Comment est née l’idée de cette exposition ?
Lee-U Fan. Cette exposition a été présentée au Japon plusieurs fois. Depuis 20 ans environ, j’essaie de faire partager mon amour pour l’art coréen. Je veux le faire connaître en Europe. Le musée Guimet m’avait contacté au Japon. Cette exposition est née de deux désirs, d’une rencontre. Nous avons concrétisé ces envies, à l’occasion de la réouverture du musée Guimet et des salles coréennes.
Quelles pièces vous touchent le plus ?
Lee-U Fan. Les paravents aux livres. Ces peintures sont appelées Chaek’kori. Leur fonction était purement décorative. On les plaçait dans la chambre des enfants ou dans les cabinets d’études. Elles représentent les objets du lettré, on y trouve des livres, des lunettes et des instruments d’écriture. A partir de cette base, les artistes développaient et composaient au gré de leur imagination. J’aime particulièrement les deux Chaek’kori représentant des intérieurs féminins. J’aime comme ces deux œuvres suggèrent la féminité, elles ont quelque chose d’érotique. Comme vous le savez, dans la société coréenne traditionnelle, les femmes étaient confinées, presque enfermées à l’intérieur. Les Chaek’kori sont en général plutôt liés à l’image des livres. Ils étaient placés dans la chambre des hommes ou des enfants. Je pense que ceux-ci ont été réalisés par des femmes.
Comment avez-vous monté cette collection ?
Lee-U Fan. Je l’ai commencé, il y a une quarantaine d’années. Avant de collectionner, il faut dire que j’ai grandi dans cet environnement artistique, dans ma maison d’enfance, avec les peintres saisonniers. C’est avec eux que j’ai appris l’art. Je me suis installé au Japon vers la fin des années 50 et j’ai vu que, partout, ces peintures étaient maltraitées. Jusqu’à la fin des années 80, elles n’étaient pas considérées. J’ai commencé à les collectionner pour les préserver et les faire redécouvrir. Depuis les années 70, je venais en Europe régulièrement pour présenter mes propres expositions. J’ai vu que l’art coréen y était totalement inconnu. Il est difficile de parler de la culture coréenne. En général, quand on pense à la Corée, on pense à son passé douloureux, à la guerre, ou encore au boom économique, à l’économie, au travail. J e souhaite montrer que malgré les invasions et au-delà du contexte économique et social, il y avait et il y a une véritable joie de vivre en Corée, de la couleur et de la fantaisie. Dans cet art, on trouve de l’humour, un côté positif par rapport à la vie.

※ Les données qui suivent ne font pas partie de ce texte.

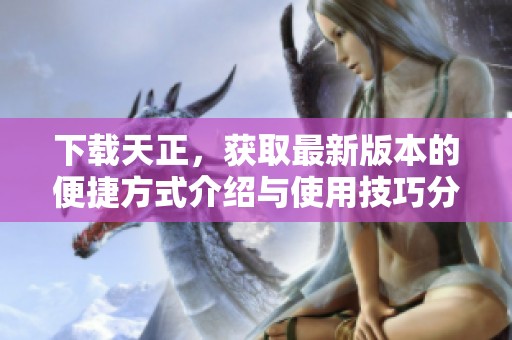 下载天正，获取最新版本的便捷方式介绍与使用技巧分享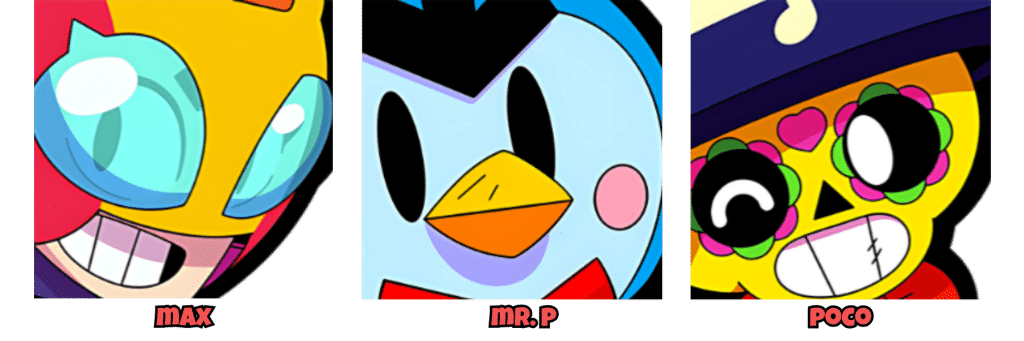 Brawl Stars Blimey Guide Brawl Stars Max Mr. P and Poco Brawl Stars Blimey Brawlers for Mobility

A travers l’exposition, on trouve différentes thématiques, chaque fois représentées avec goût. Il semble que vous ayez procédé de façon très méthodique pour constituer votre collection ?
Lee-U Fan. En effet, cette collection est très structurée avec ses thématiques. Mais c’est aussi une vue très personnelle de cette période de l’art coréen. Toutes ces œuvres me sont très chères. Je les ai choisies parce qu’elles me touchaient personnellement.
On est surpris par les couleurs parfois vives, les images étranges. Elles évoquent le fauvisme, le surréalisme. Y a-t-il eu précisément une influence de l’art coréen sur ces courants ?
Lee-U Fan. Cela correspond aussi à mon choix. Il y a eu beaucoup d’échanges artistiques avec le Japon au 17e et 18e siècles. S’il y a eu des échanges entre la Corée et l’Europe, cela s’est fait par le biais du Japon. Cette forme de peinture est typique de la dynastie Choson (14e-20e siècles). Ces paravents sont voués à créer un espace mobile dans l’espace. Pour la peinture officielle, on utilisait peu les couleurs. En revanche, la maison était un espace de libération de la couleur. Au début, les codes de couleurs assez stricts étaient respectés et puis, au fil du temps, cette notion s’est effacée. Les artistes ont peu à peu échappé aux codes, surtout ces peintres qui n’étaient pas académiques, et ont développé leur propre poésie.